### Dataset extract
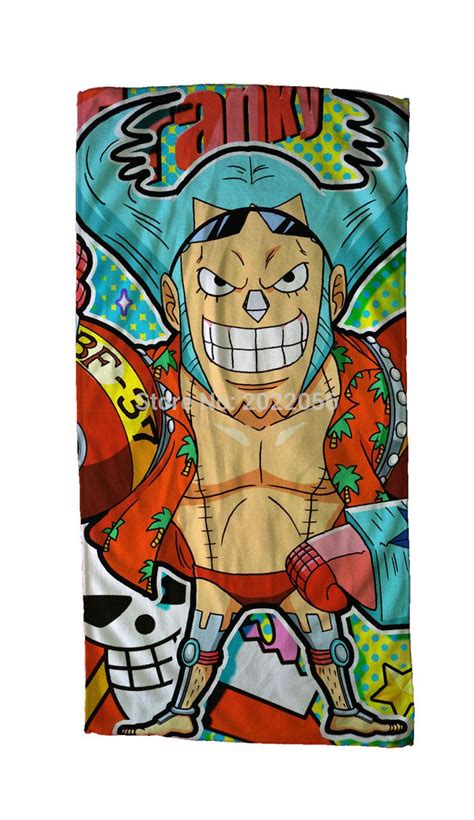 Newchic offer quality cheap bath towels at wholesale prices. Free Shipping Anime Manga One Piece Bath Towel Face Towels ...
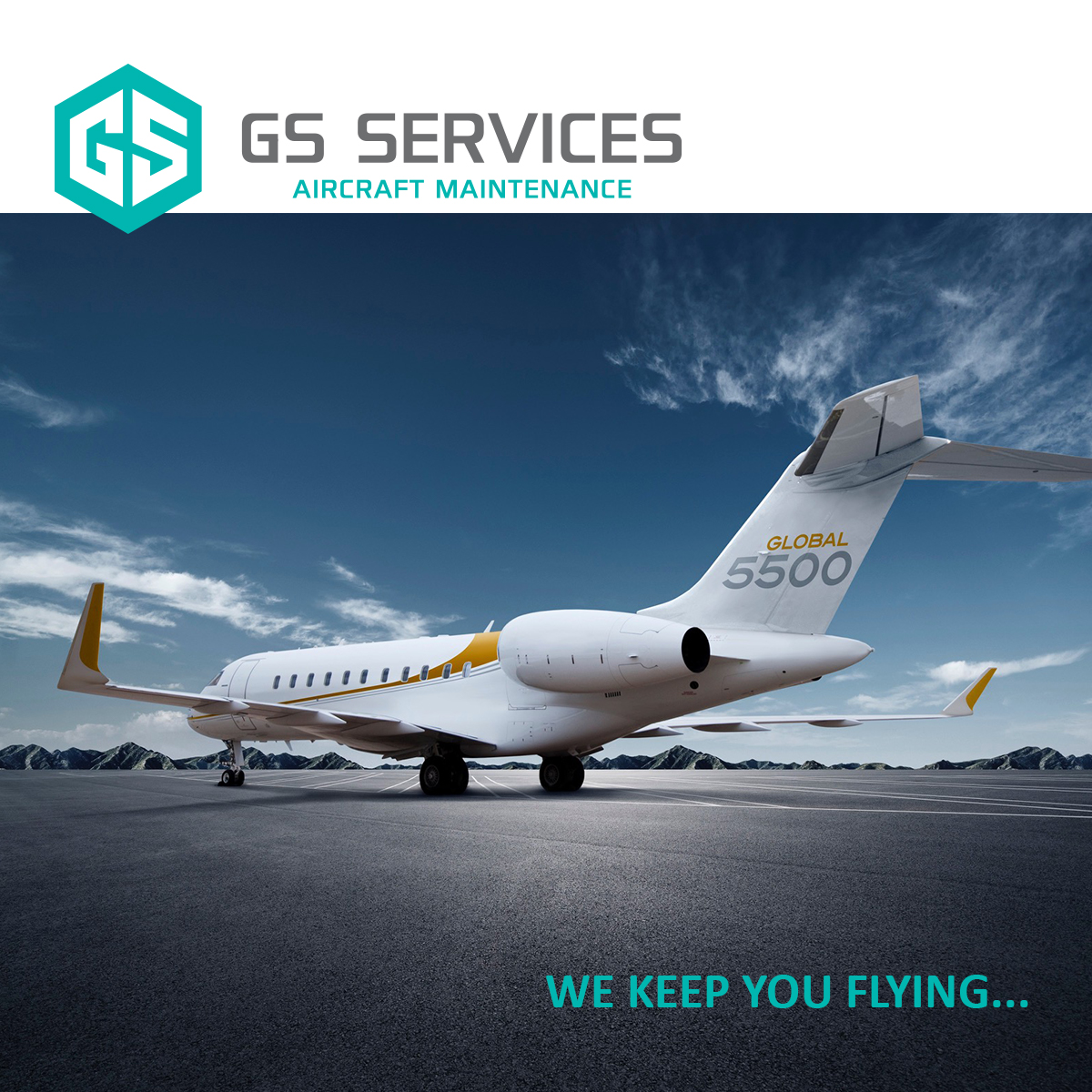 GS SERVICES Aircraft Maintenance. - GS SERVICES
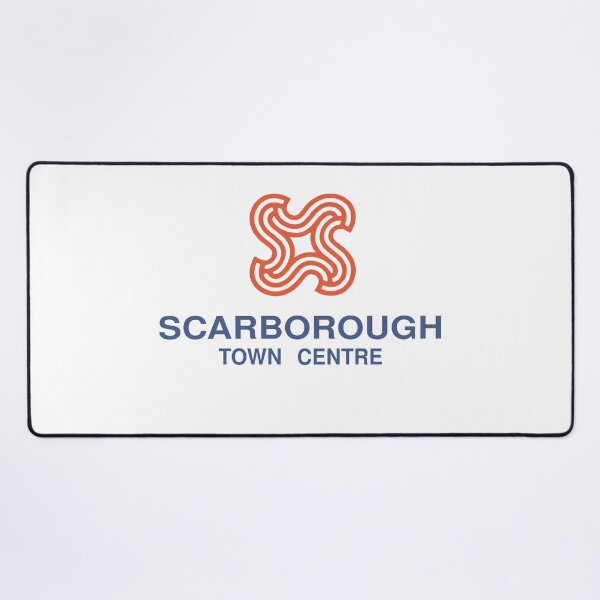 Item preview, VINTAGE SCARBOROUGH TOWN CENTRE designed and sold by TREVORSNEWEST.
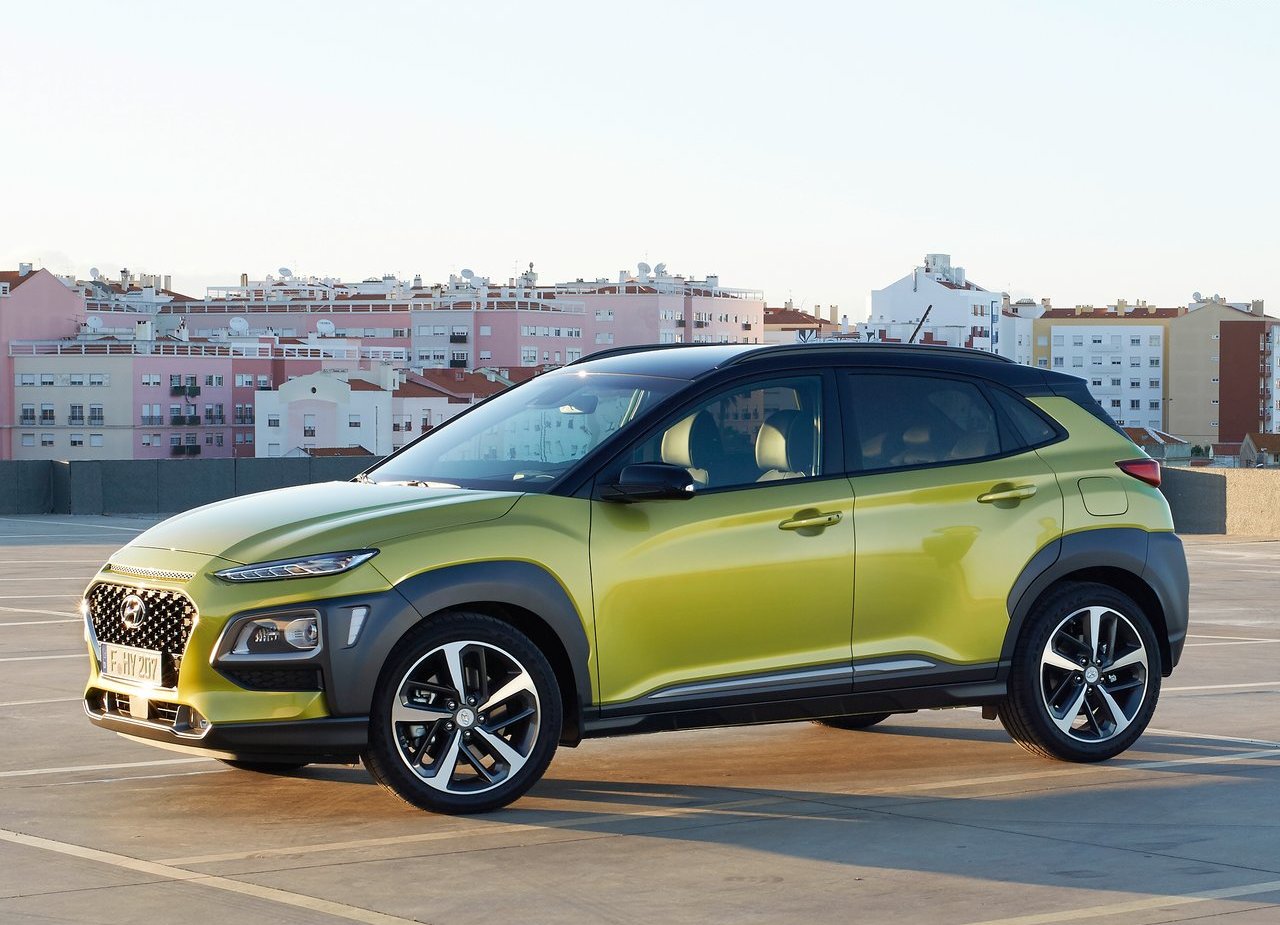 2018 - HYUNDAI KONA EU VERSION, foto 11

### Work order
Please give again only those lines that run from the one containing "Item preview, VINTAGE" through the final line of the listing, both included, exactly as written and without pictures.

### Solution to the exercise
 Item preview, VINTAGE SCARBOROUGH TOWN CENTRE designed and sold by TREVORSNEWEST.
 2018 - HYUNDAI KONA EU VERSION, foto 11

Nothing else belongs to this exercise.